Tablet mode

Google’s return to tablets could look like a Nest Hub

The company is eyeing a version of the Nest Hub smart home device with a detachable screen.

The Nest Hub 2
Google

Google’s current plan to get back into the tablet game might take an unexpected route — 9to5Google reports that the company’s next Nest Hub could feature a detachable screen that doubles as a tablet.

Next-Gen Nest — The future Nest Hub — which might launch as early as this year, according to 9to5Google — could share similarities with Lenovo’s line of smart home-focused tablets.

The Lenovo Smart Tab M10 is a 10-inch Android tablet that can work on its own but can also be docked in a “Smart Charging Station” and take the place of a smart home display by using Google Assitant Ambient Mode. It’s not exactly the same as a Nest Hub, but it offers all the functionality of Google Assistant, with screen-filling graphics to keep users up-to-date on all the topics they care about.
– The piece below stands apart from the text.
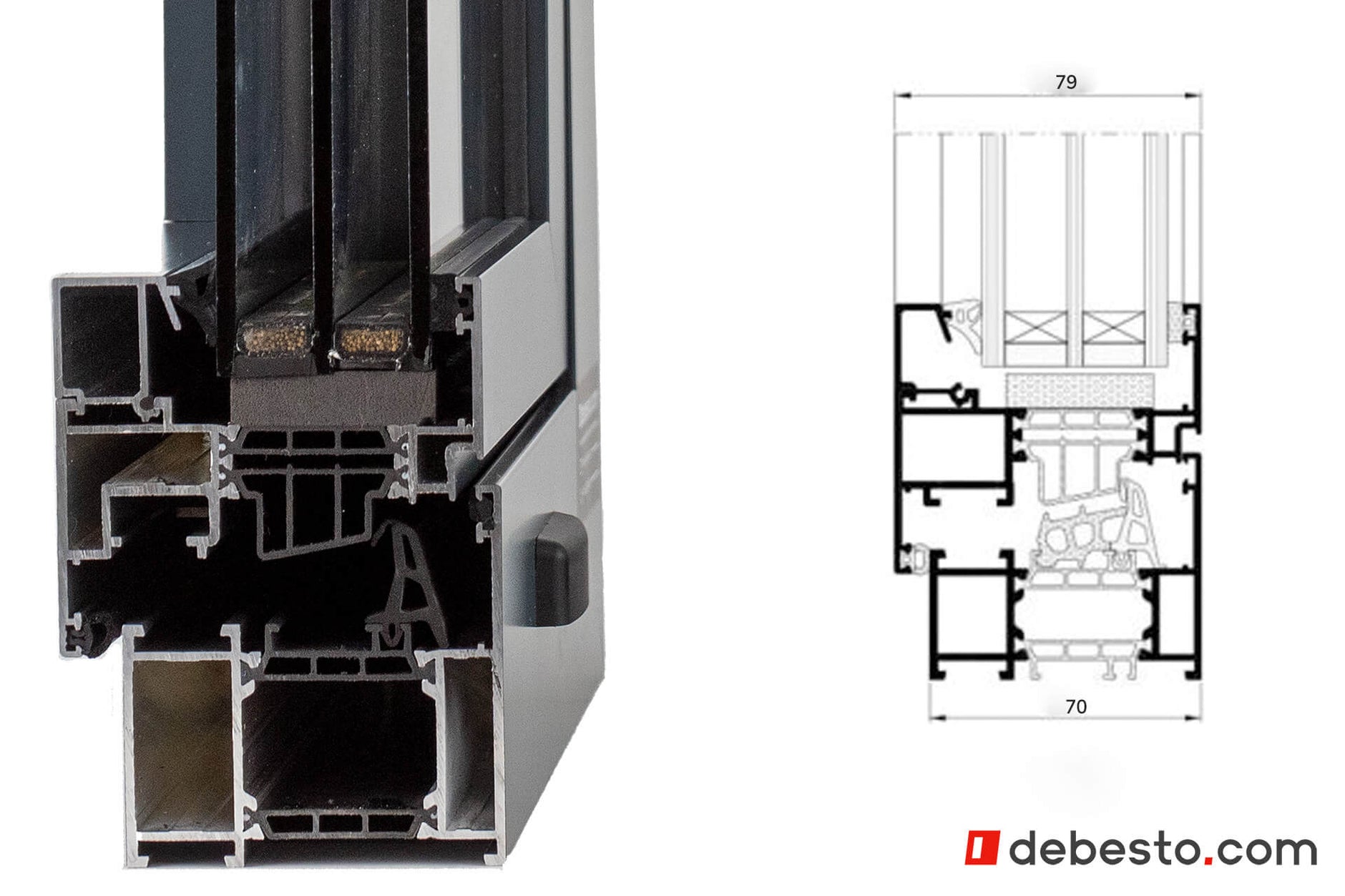 System Okien Aluminiowych Aluprof MB-79N - Trókąt pokazowy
Google Assistant Ambient Mode turns a tablet or phone into a smart home display.Lenovo

Google’s take on this kind of tablet experience could differ in one important way, according to the report. The dock the tablet sits in might use speakers similar to what’s already in the Nest Hub. Given how often Google’s Nest products are used as Spotify speakers first and foremost, that makes a certain kind of sense. Why give up room-filling sound?
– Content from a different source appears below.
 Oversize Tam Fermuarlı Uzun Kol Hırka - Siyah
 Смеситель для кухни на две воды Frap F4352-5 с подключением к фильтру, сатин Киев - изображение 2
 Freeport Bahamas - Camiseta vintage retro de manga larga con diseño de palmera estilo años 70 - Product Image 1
The future of computing — The current 2nd-generation Nest Hub and the Nest Hub Max both run on Google Cast (similar to the system that powers basic Chromecasts), and Google updated the first-generation Nest Hub to its mysterious Fuschia OS. Both operating systems are limited in major ways, which really just leaves Android as a prospect for the new Nest Hub. A scary prospect, given the fallen state of Android tablets.

Luckily, Android 12L is set to improve the mobile operating for foldable and big screen devices, and Google’s been refocusing on Android tablets as of late, even referring to them as “the future of computing” in job postings earlier this year.

Maybe an unconventional tablet is just the thing to show the company can make up for past Pixel-branded embarrassments?